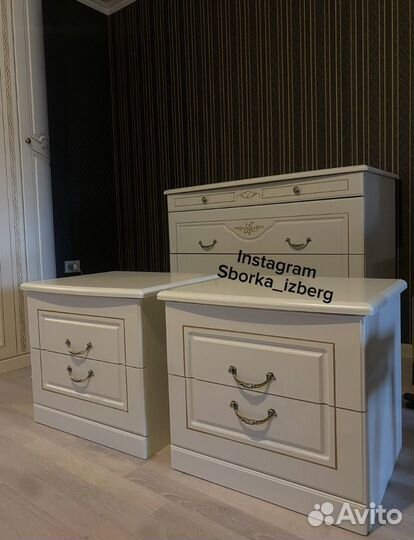 Сборка разборка мебели inst; sborka izberg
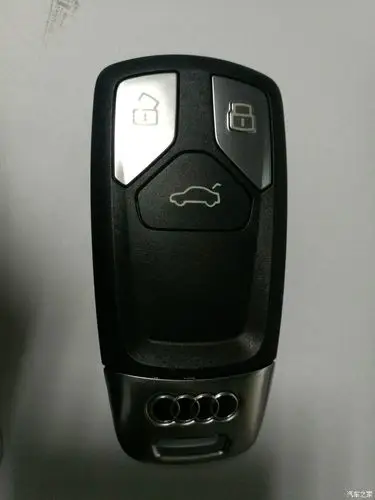 【图】图解2016款q7更换钥匙电池!_奥迪q7论坛_汽车之家论坛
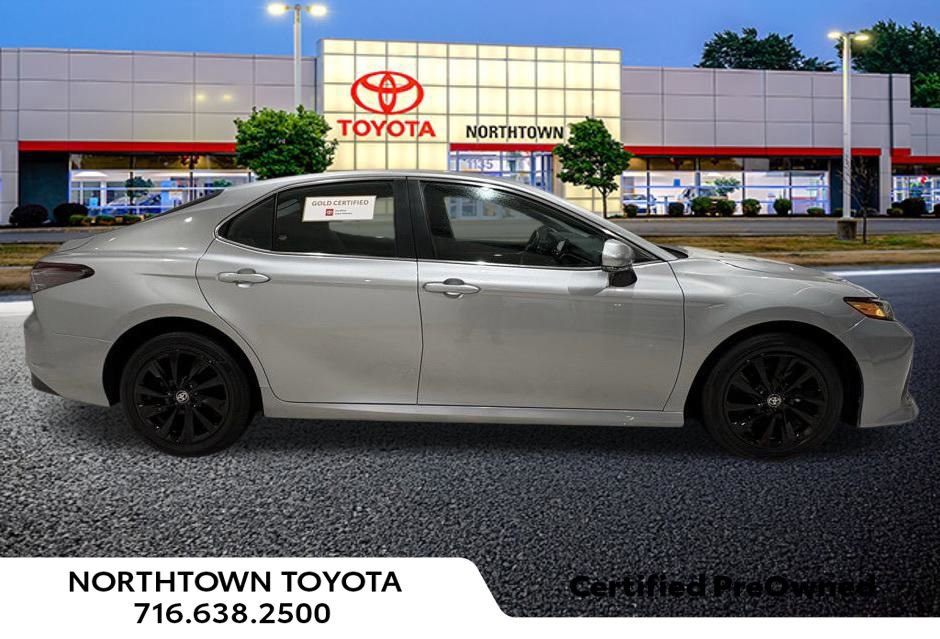 Used 2024 Toyota Camry LE w/ Cold Weather Package image 28
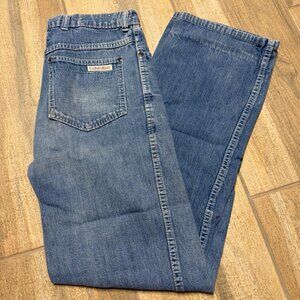 vintage calvin klein denim
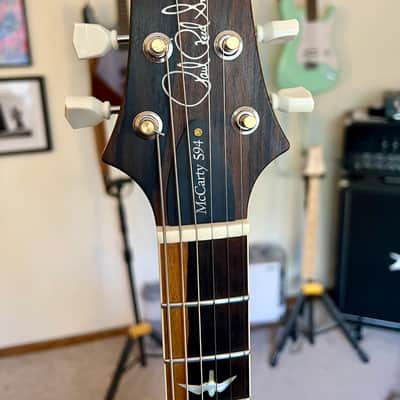 PRS McCarty 594 10-Top ROSEWOOD NECK image 8
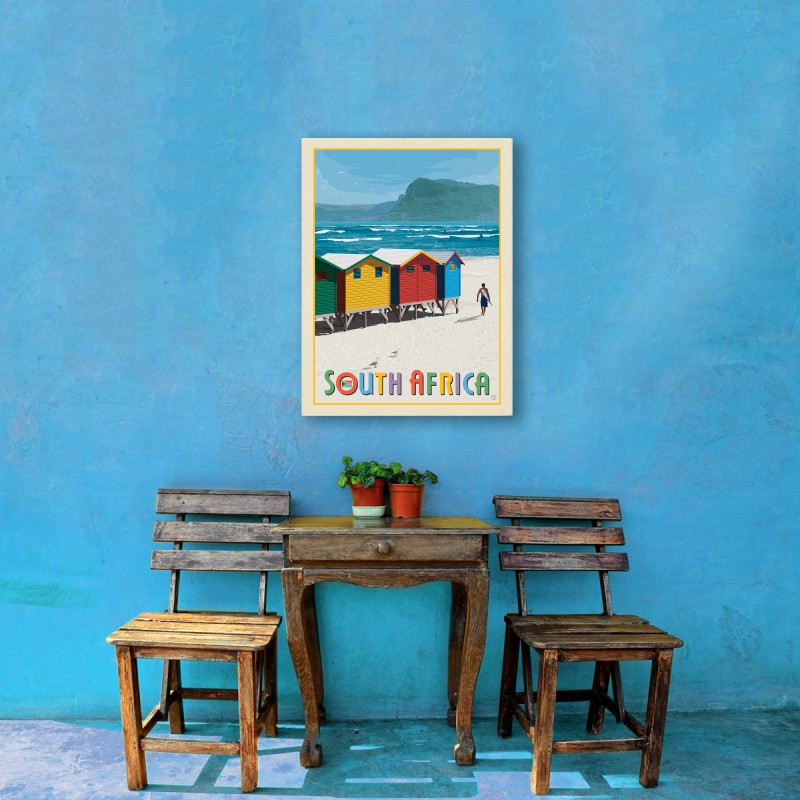 South Africa: Muizenberg Beach | Anderson Design Group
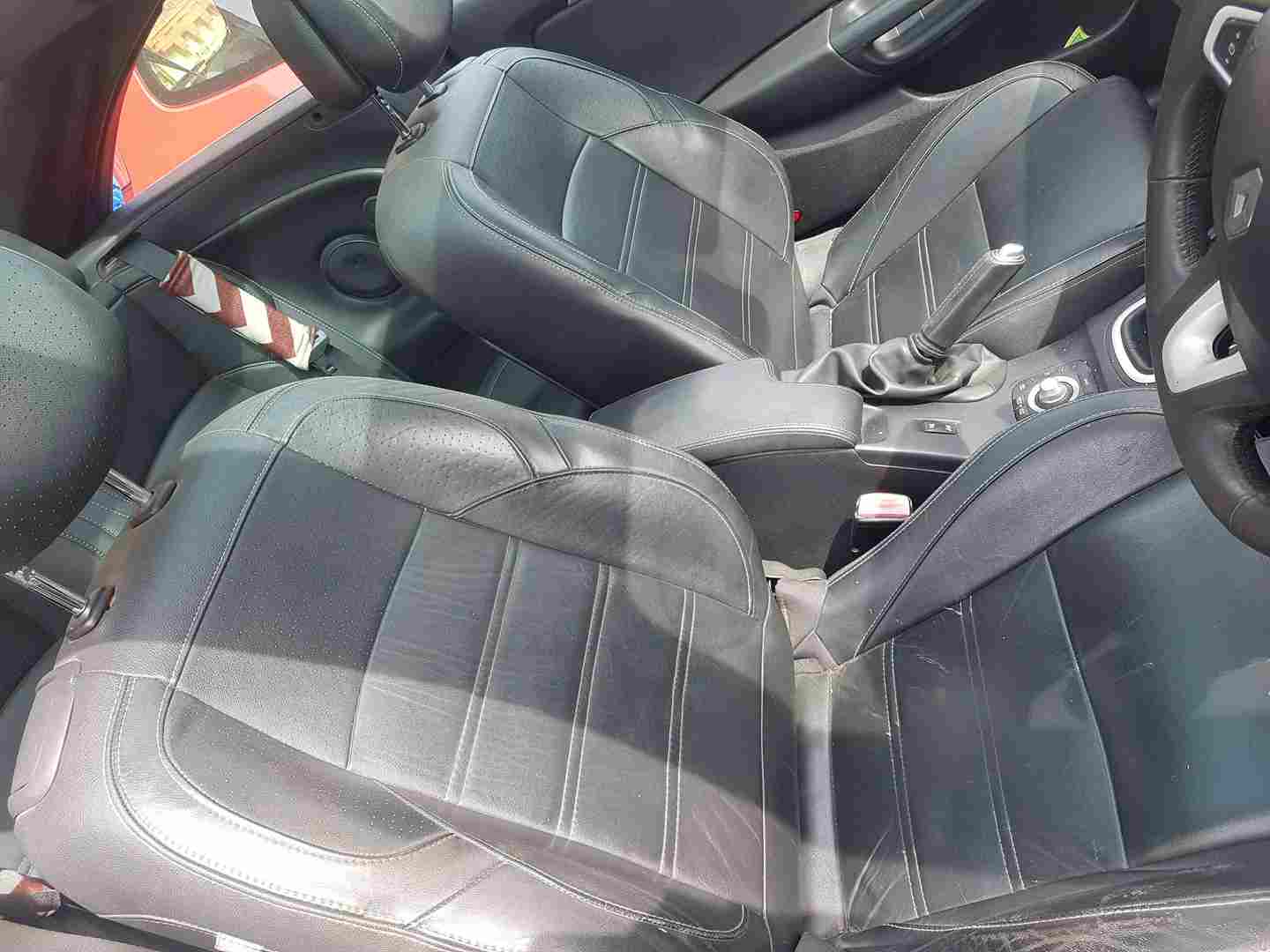 Renault Megane Convertible MK3 2008-2010 Full Leather Seat SET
──────
## YOUR GOAL
Restate all entries exactly; pictures stay out.

## ANSWER TO THE PROBLEM
 Сборка разборка мебели inst; sborka izberg
 【图】图解2016款q7更换钥匙电池!_奥迪q7论坛_汽车之家论坛
 Used 2024 Toyota Camry LE w/ Cold Weather Package image 28
 vintage calvin klein denim
 PRS McCarty 594 10-Top ROSEWOOD NECK image 8
 South Africa: Muizenberg Beach | Anderson Design Group
 Renault Megane Convertible MK3 2008-2010 Full Leather Seat SET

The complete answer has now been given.